4. Push docker to docker hub
The push image command is very simple. It only needs docker push image_name. Before pushing the image to docker hub, there is still some preparation work to be done. You need to register an account with docker hub first, and then log in the account in docker to push the image.
->docker login #Log in to docker hub
Login with your Docker ID to push and pull images from Docker Hub.
If you don't have a Docker ID, head over to https://hub.docker.com to create one.
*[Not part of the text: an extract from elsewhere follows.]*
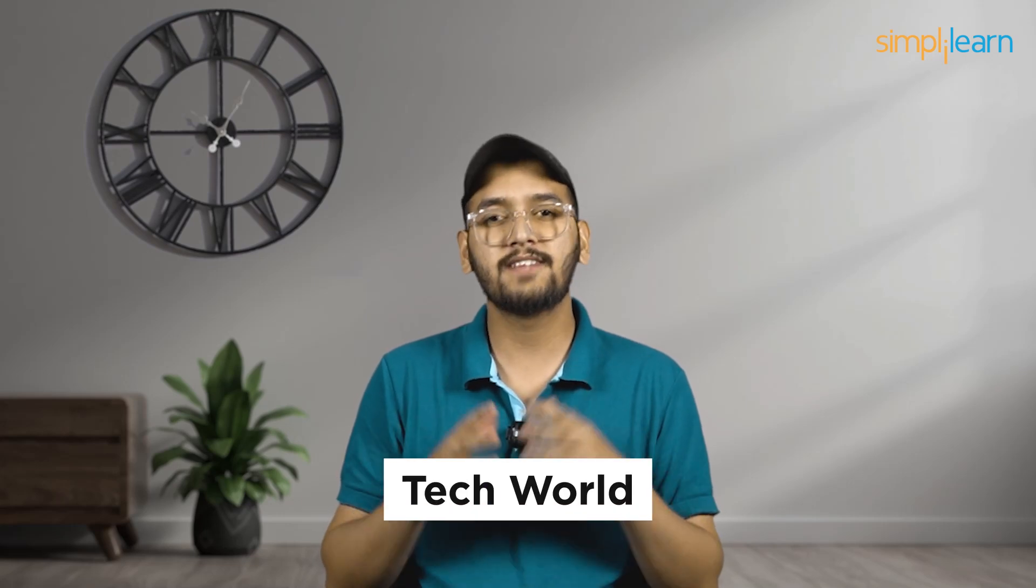Hello everyone, welcome to Simply Learn YouTube channel. In today's tech world, we are all about making cool apps that people love to use.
Username (lorenwe): lorenwe
Password:
Login Succeeded
# Now you can push the mirror to docker hub
->docker images
REPOSITORY TAG IMAGE ID CREATED SIZE
lorenwe/centos_net_tools latest 35f8073cede1 About an hour ago 277MB
centos latest d123f4e55e12 2 weeks ago 197MB
d4w/nsenter latest 9e4f13a0901e 14 months ago 83.8kB
->docker push lorenwe/centos_net_tools
The push refers to a repository [docker.io/lorenwe/centos_net_tools]
d0ba94ecc37e: Pushed
cf516324493c: Mounted from library/centos
latest: digest: sha256:276814315437cf5d416ed4b5713fe10c914beaea96bcf583b786a6778c80830f size: 741Copy codeBecause the walls and docker hub servers are far away from the sky, the push will be very slow. After success, you can see the image of your push in the personal center of docker hub. If you want to use this image in the future, you can directly pull the docker. You can also push the image to the domestic container mirror service platform, such as me. The container Hub of Aliyun is used, probably because it is fast, so it is comfortable to use. The only bad thing is that the long and stinky mirror name is a little uncomfortable.
V. Concluding remarks
The docker foundation to this step is almost introduced. The purpose of this article is to explain the relationship between the docker image and the container in plain language and examples. There are many functions that docker has not been introduced, so there is time to do follow-up articles in the future, such as Docker file, docker volume. Sharing and network communication are some particularly interesting functions. It is no longer a dream to build a portable distributed development platform.